Hues add a layer of harmony

If one clarinet is called, well, a clarinet, how would you describe an assortment of these popular reed instruments? A clamor (No, too loud). A cornucopia (Nope, too hornlike). A conclave (Nah, too ecclesiastical). If you're Carl Topilow, you just might consider the exceedingly un-alliterative term rainbow. At least the word suggests the extent of the colorful collection )(aha!) of clarinets that the versatile conductor-clarinetist has amassed to play concerts with the Cleveland Pops Orchestra, Topilow, who studied at the Manhattan School of Music and heads the conducting department at the Cleveland Institute of Music, began going past his professional (black)clarinet with the Pops in 1998, after the release of the film "The Red Violin." As he recalls thinking at the time, "Why not a red clarinet?". So he tracked one down, later adding white, blue and green instruments - all student models made of plastic - to his clarinet coterie. (Hmm.) The rest is Pops history.
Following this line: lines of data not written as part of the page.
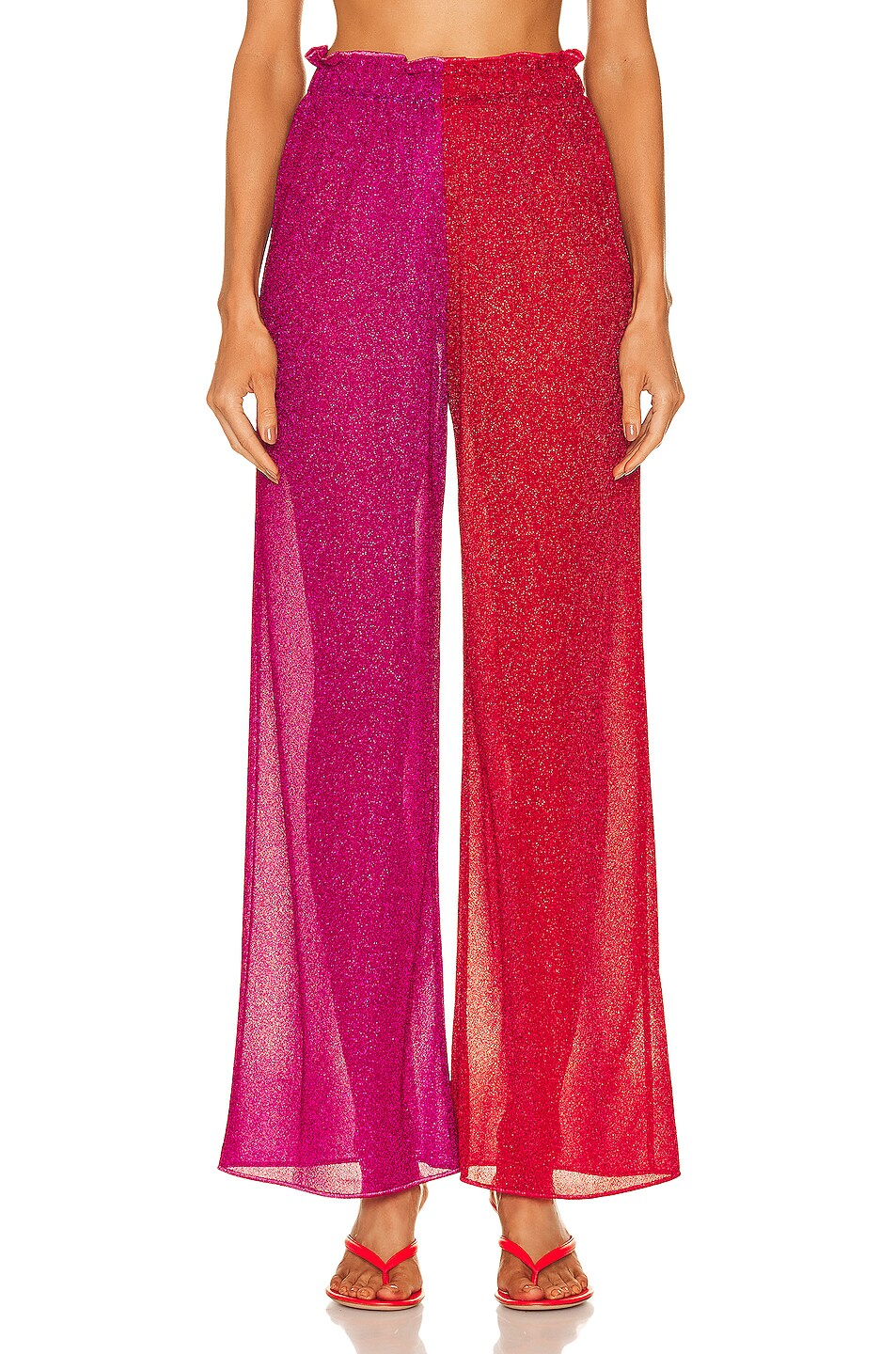 Image 1 of Oseree Lumiere Bicolor Pant in Red & Fuchsia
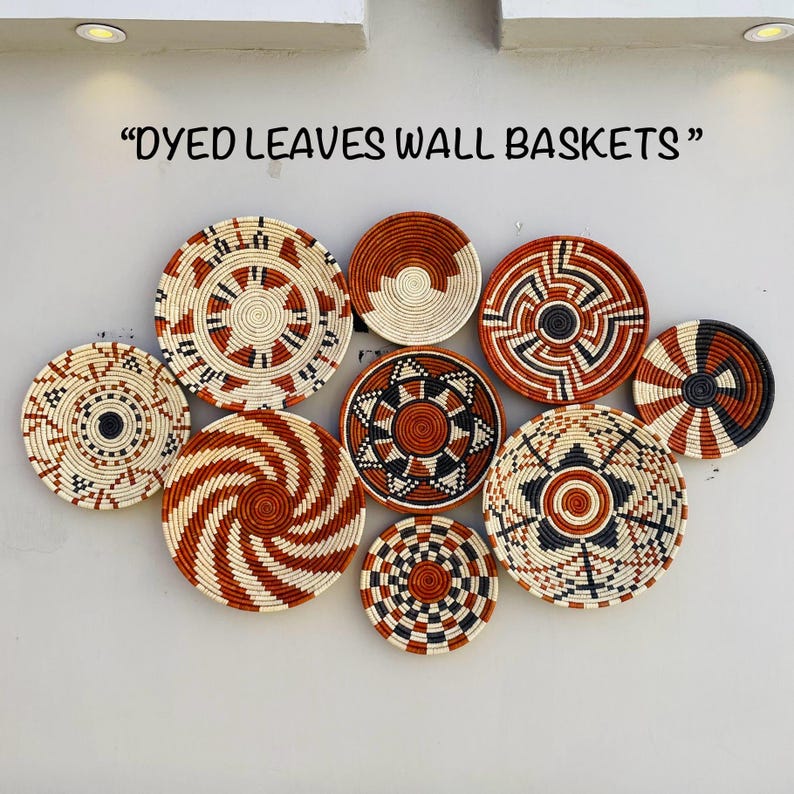 Neutral & Earthy Tones Woven Wall Baskets Set Of 3,4,5,6,7,8 and 9, Boho Wall Baskets, Basket Wall Art, Rustic Wall Hanging Decor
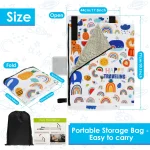 Lit de voyage portable pour enfant couverture imperméable design coloré motifs animaux tissu Oxford doux et confortable idéal pour piquenique plage et sorties familiales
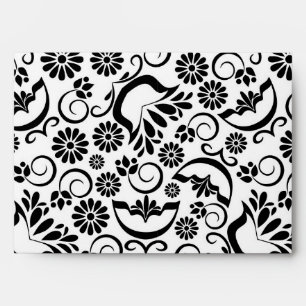 Retro black white flowers Envelope
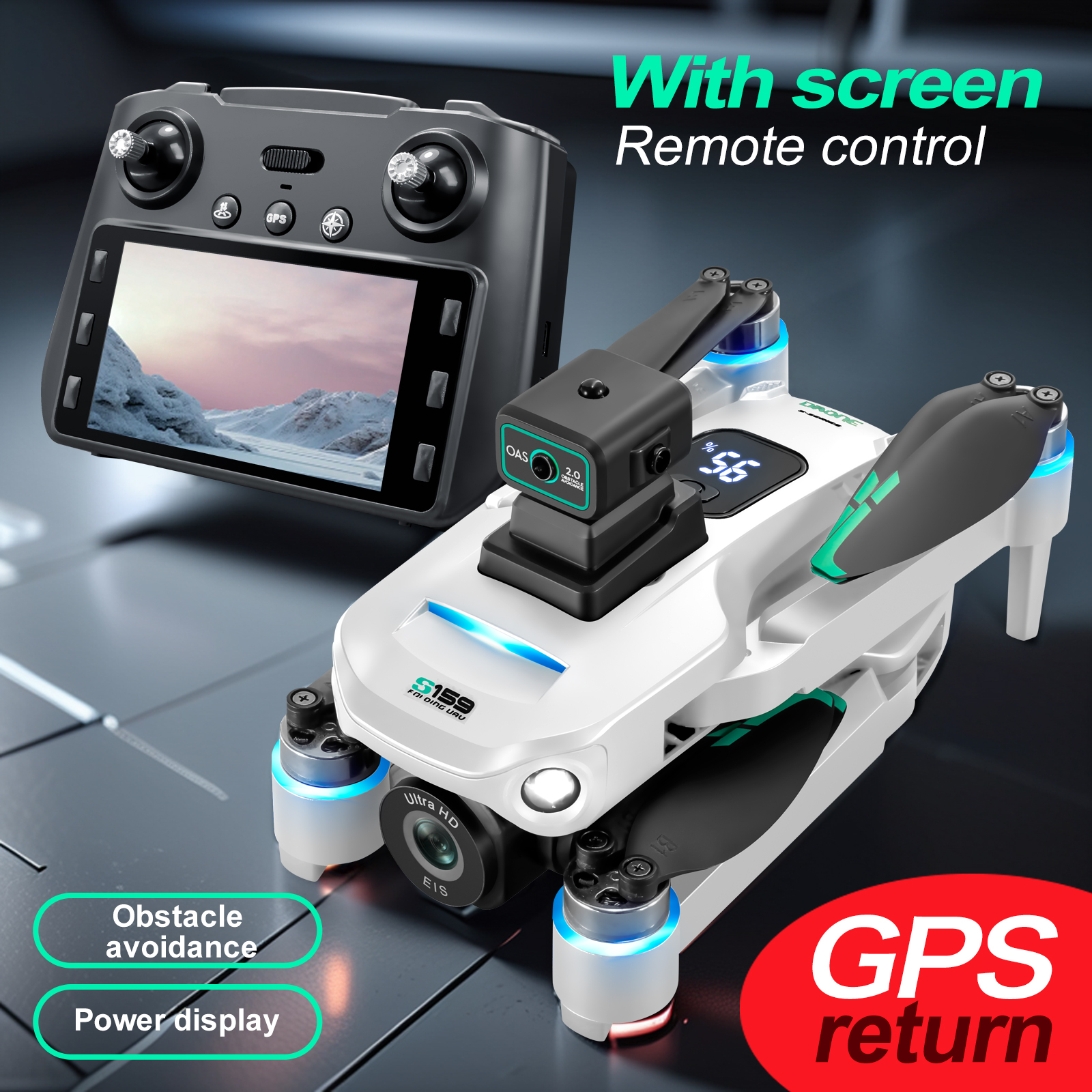 S159 GPS Drone 4K Profesional  - مراجعة Drone Gimbal Brushless وسعره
By mixing and matching parts (joints, bells, and barrels) of his various plastic clarinets, Topilow can perform pieces ideally suited to these hybrid instruments, including "Stars and Stripes Forever" (red, white, and blue; what else?), Christmas tunes (red and green), and Hanukkah selections (blue and white, the colors of the Israeli flag). He picks the intact blue clarinet for "Rhapsody in Blue" and "Stardust," the red for "My Funny Valentine", and the green for "Danny Boy." It's a no-brainer which one he's pondering for "White Christmas."